Used in this way, along with
economic supports for pregnancy and adoption, pro-choice politicians
including President Obama use the term and its close variants to show
pro-lifers that they can better reduce the number of abortions than anti-choice
Republicans.
It is clever politics. But
there is more to it. There are profound differences just underneath
the surface of a seemingly minor tug of war over semantics. These differences
are blurred by the invocation of common ground language. The difference
was cast in sharp relief last year during negotiations over the wording of the Democratic
Party Platform position on abortion. Prolife
evangelicals led by Jim Wallis (and CLURT co-author Joel Hunter) disagreed
with pro-choice leaders over language that sought to reduce the need
for abortion as distinct from the number of abortions. In the
end, the platform unambiguously supported Roe and recognized the need
for abortion. In exchange, the platform also called for greater support
for women who seek to carry their pregnancies to term and for the adoption
option. But the platform avoided the term "abortion reduction."
But have Gushee, Wallis and
Sider changed their views? In 1996 they believed that there is never
a "need" for abortion; rejected the idea that it is ever a moral
choice; and unequivocally stated that criminalization was a goal of
antiabortion legislation — even while they also pursued abortion reduction
tactics under the rubric of Casey. Today, they face different
political circumstances and the Democrats have made some accommodations
in the platform that will likely be implemented in legislation.
The CLURT statement joins a
few pro-choice think tankers with a few prominent moderate evangelicals
in agreeing on broad principles related to sexuality education and family
planning. But that’s it. Why then, is it important?
It is important because of
the prominence of these groups in seeking to define what a faith-based,
common ground "governing agenda" might look like. But it is
significant also because of what it does and what it does not do.
First, in its summary language,
CLURT seeks to have it both ways, papering over vital differences with
the slight of hand of language.
"Reducing abortions
(reducing abortion through reducing unintended pregnancies, supporting
pregnant women, and increasing support for adoption)" [Bolding in
the original]
Second, the pro-choice agenda
has always been about expanding access to abortion such that everyone
who needs one can get one; and emphasizing that there should be comprehensive
sex ed and access to contraception so that women and girls can control
their own reproductive future and will not have to make the
choice between termination and carrying a pregnancy to term. But unlike
the Democratic Platform, there is nothing in the CLURT statement that
acknowledges the right to or need for abortion — let alone that universal
access is a dream that is far from realized.

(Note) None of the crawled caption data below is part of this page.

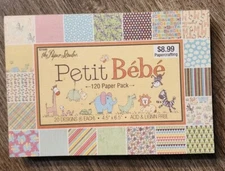 The Paper Studio Petit Bebe Baby Themed Scrapbook 4.5x6.5 Paper 120 Sheets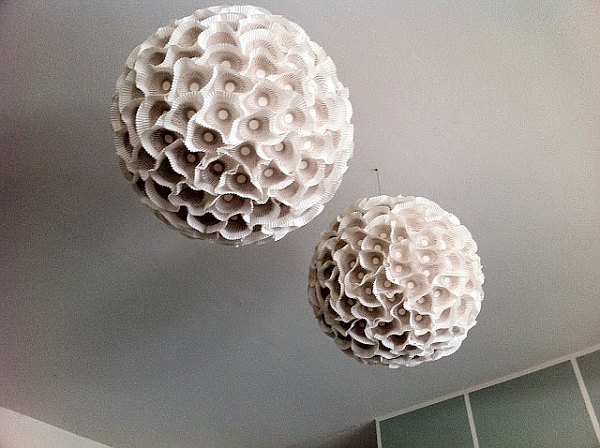cupcake paper orb chandelier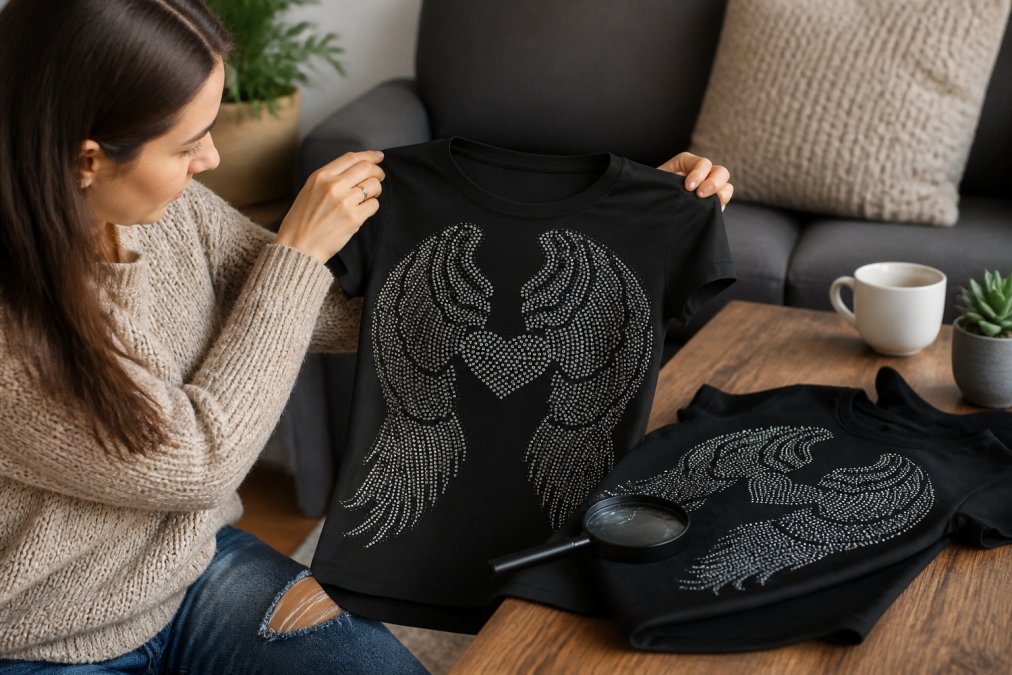 Woman reviewing product photos and detailed size charts on a laptop screen while holding a trendy rhinestone top, examining close-up images of stitching and hardware before purchase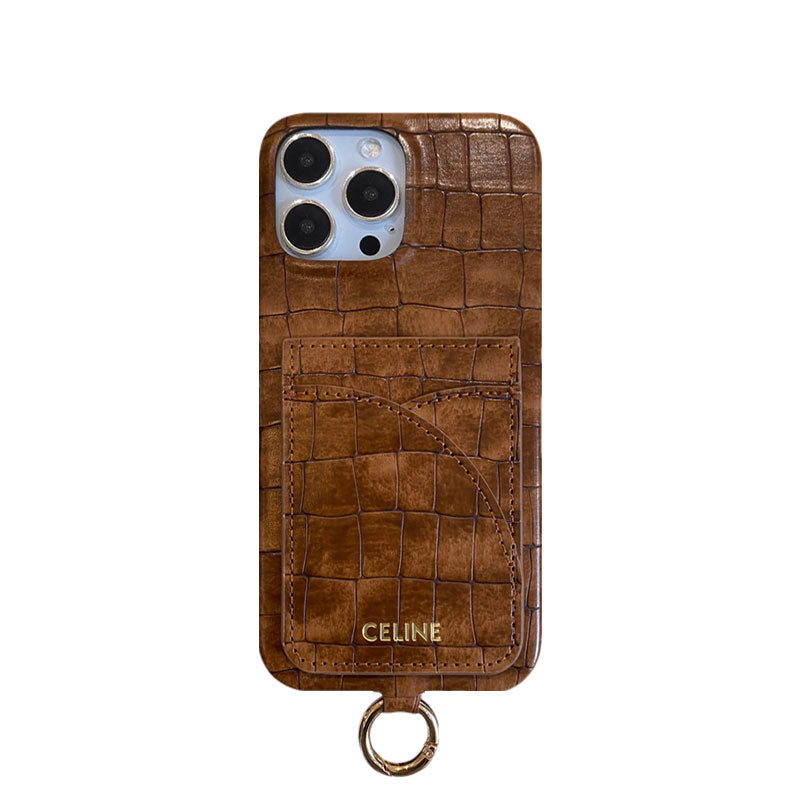 Alligator Print Celine iPhone Case With Card Holder And Strap Brown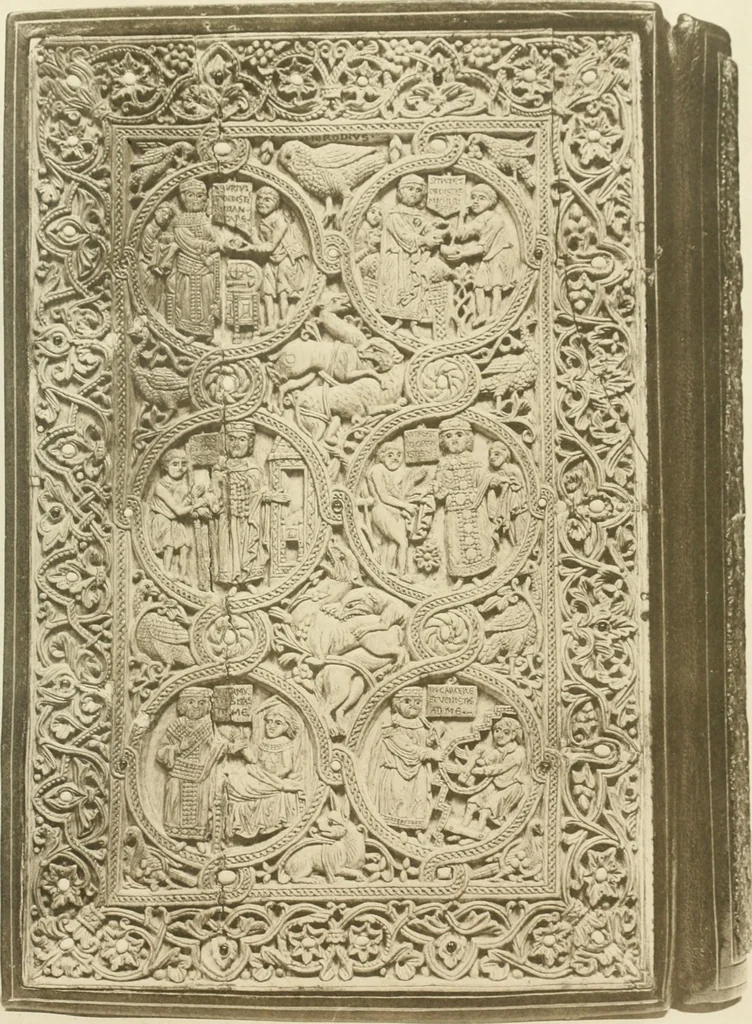 An illustration from Catalogue of the ivory carvings of the Christian era with examples of Mohammedan art and carvings in bone in the Department of British and Mediaeval Antiquities and Ethnography of the British Museum, 1909, leaf 280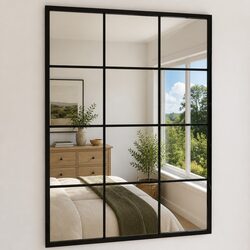 Enhance Your Space with 3 Black Metal Wall Mirrors 80x60 cm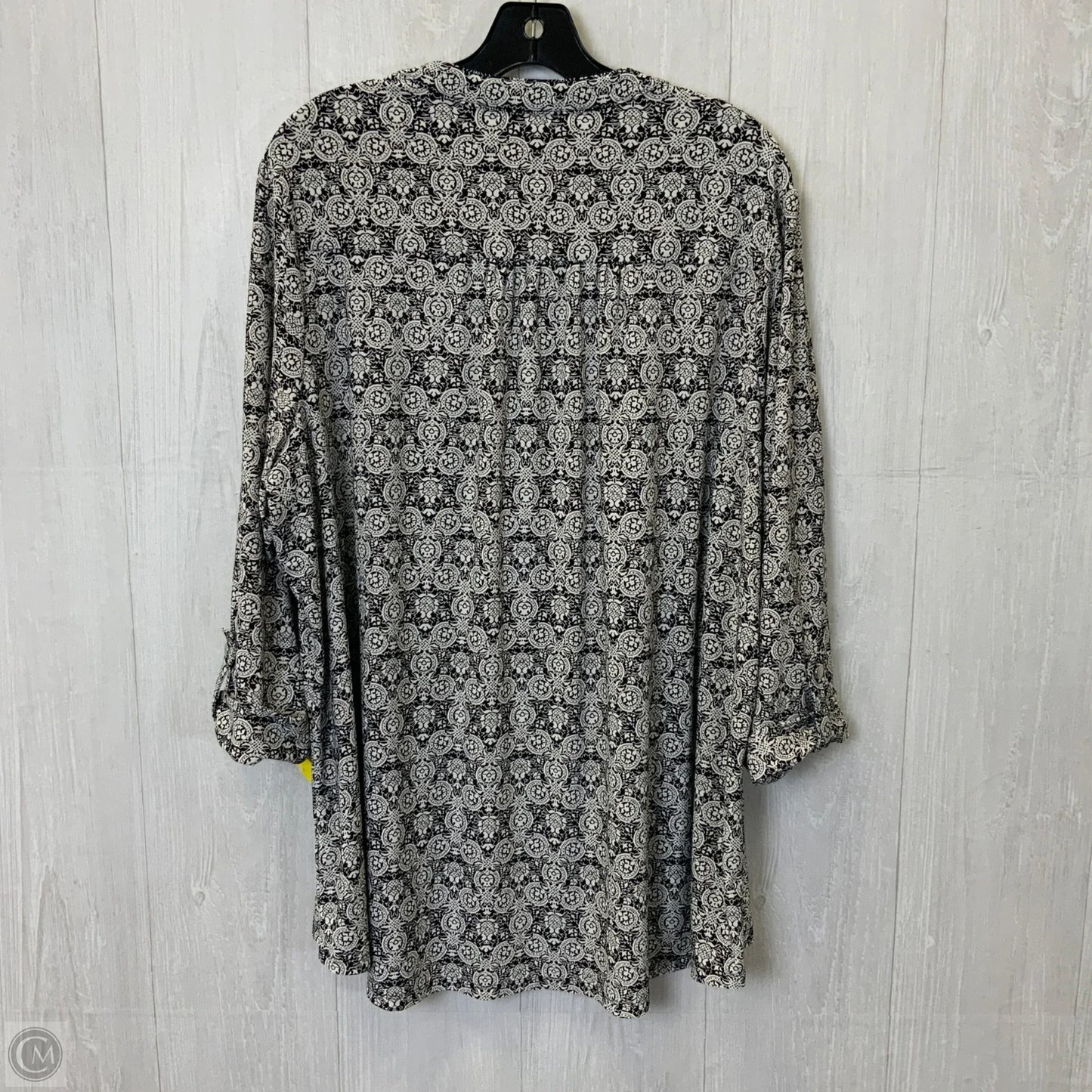 Blouse 3/4 Sleeve By Westport In Black & White, Size: 3x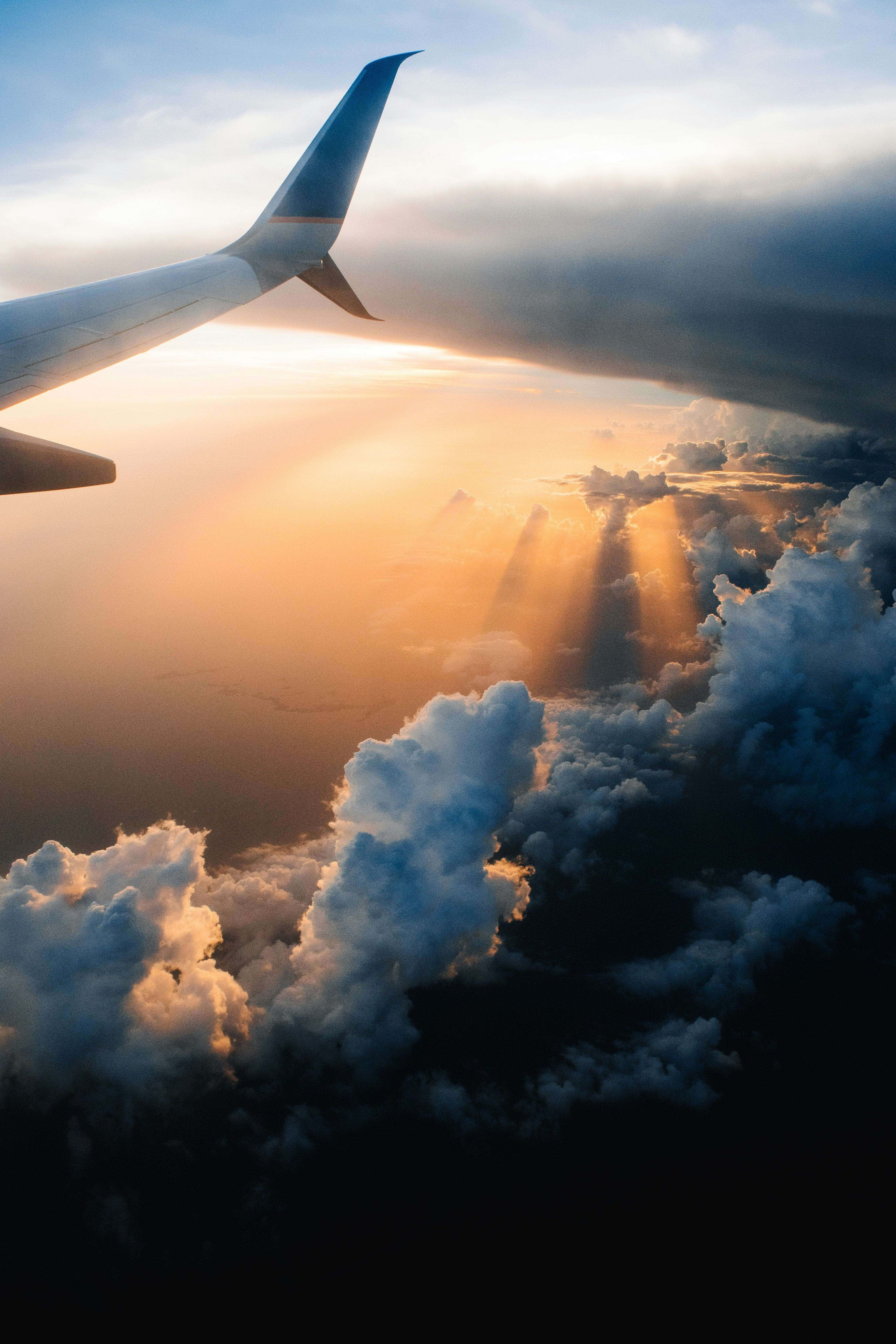sunset, cloudscape, airplane, 5K Phone Wallpaper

Third, there is nothing in
the CLURT document that suggests that Gushee, Wallis and Sider and their
ant-iabortion allies will not pursue Casey-based policies that
erect obstacles to abortion in the name of reduction, in those states
where it is politically possible to do so.
That these leaders were able
to agree in principle on sexuality education and family planning is
no small thing. But it is not the same thing as finding common ground
on abortion nor does it reflect a commitment to reducing barriers to
abortion or in any way increasing access.
The concept of "abortion
reduction" as a public policy has come a long way since 1996, and
at the same time, no distance at all.